Blevins wrote Give Your Heart to the Hawks: A Tribute to the Mountain Men. That book and Ted Franklin Belue’s The Hunters of Kentucky (which was also influenced by Hawks) shaped the tone and format of my own book and this blog. I wrote back in 2012:
Back when I was a mere stripling I spent hours trolling the shelves of Bob’s Valley Bookstore in the old hometown. It was there that I first saw the Frazetta covers on the old Conan paperbacks I would soon steal from my brother (OK, he let me read them). The racks held all kinds of pulpy goodness, like John Benteen’s Sundance books.
And there I saw a paperback with a picture of a buckskinned man on horseback, rifle cradled in his left arm, riding down a rocky slope (it was done by the Western artist Frank McCarthy, whose work appeared in a whole bunch of Louis L’Amour calendars). The title was “Give Your Heart to the Hawks: A Tribute to the Mountain Men.” The author was Winfred Blevins.

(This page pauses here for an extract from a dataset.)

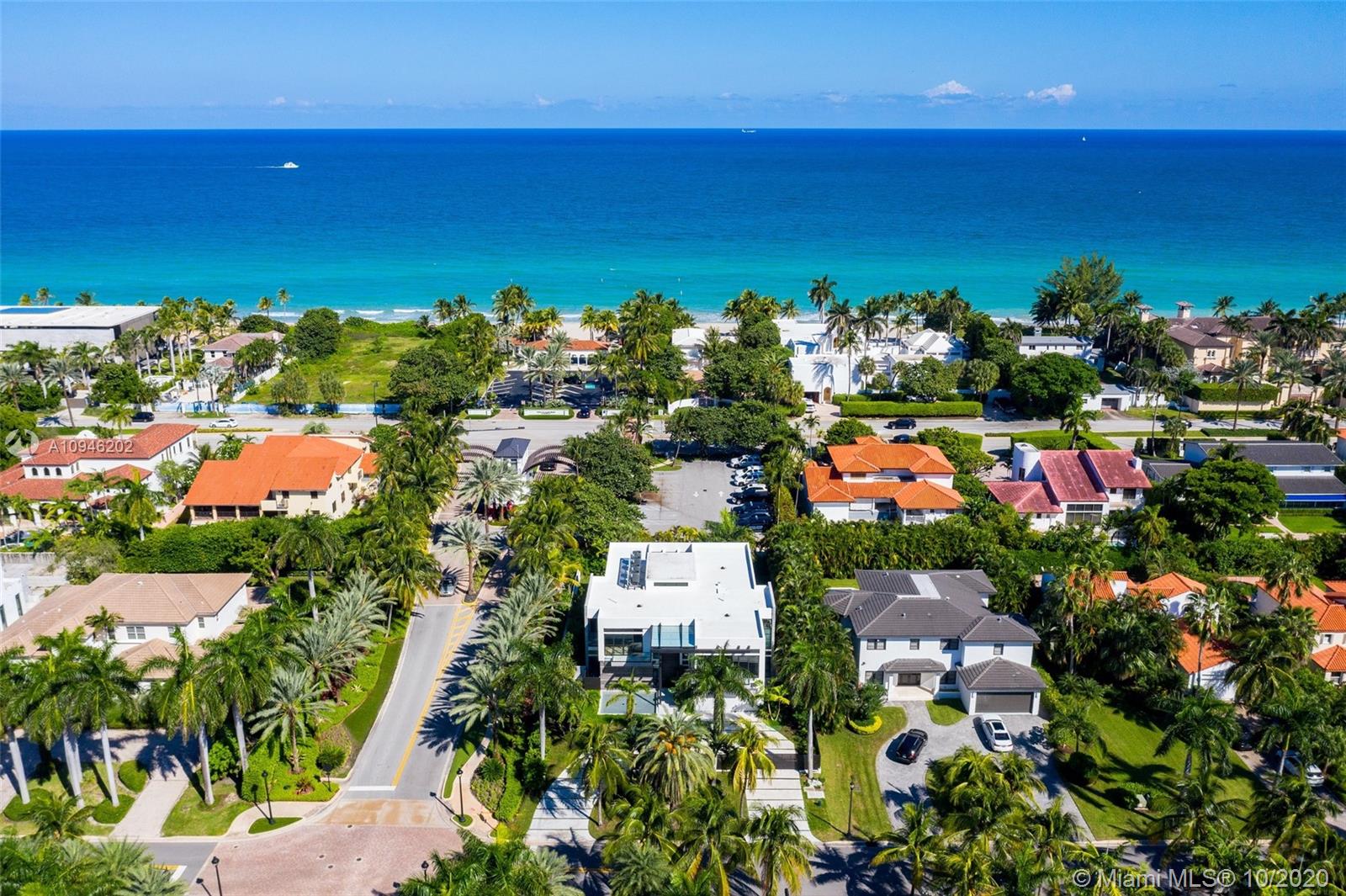 GOLDEN BEACH SEC E - Residential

Now, back then, I didn’t know much at all about the mountain men or the Rocky Mountain West. I knew a great deal about the Kentucky frontiersmen of the late 18th Century, and I knew plenty about the post-Civil War Wild West, but everything in between was pretty much a blank space on the map. I’d seen “Jeremiah Johnson” (the first movie I saw in a theater), but I was just seven or so and I didn’t follow up.
Anyway, “Hawks” intrigued the hell out of me and I hied off to the library and tracked the book down — and devoured it in great big juicy chunks, like a mountain man feasting on a buffalo. Stories of legendary proportions, told in a colloquial style that felt like they were being told around a campfire. John Colter’s run from the Blackfeet; Hugh Glass’ epic survival crawl after being mauled by a griz and left for dead; cat-and-mouse with the Blackfeet…
Blevins wrote a really strong series of Mountain Man novels, most of which I’ve read and enjoyed. He struck a spark off of the flint and steel of history and folklore, and he kindled a young boys dreams. I raise a horn to Win Blevins and hope he’s in the land of fine beaver streams and fat cow buffler.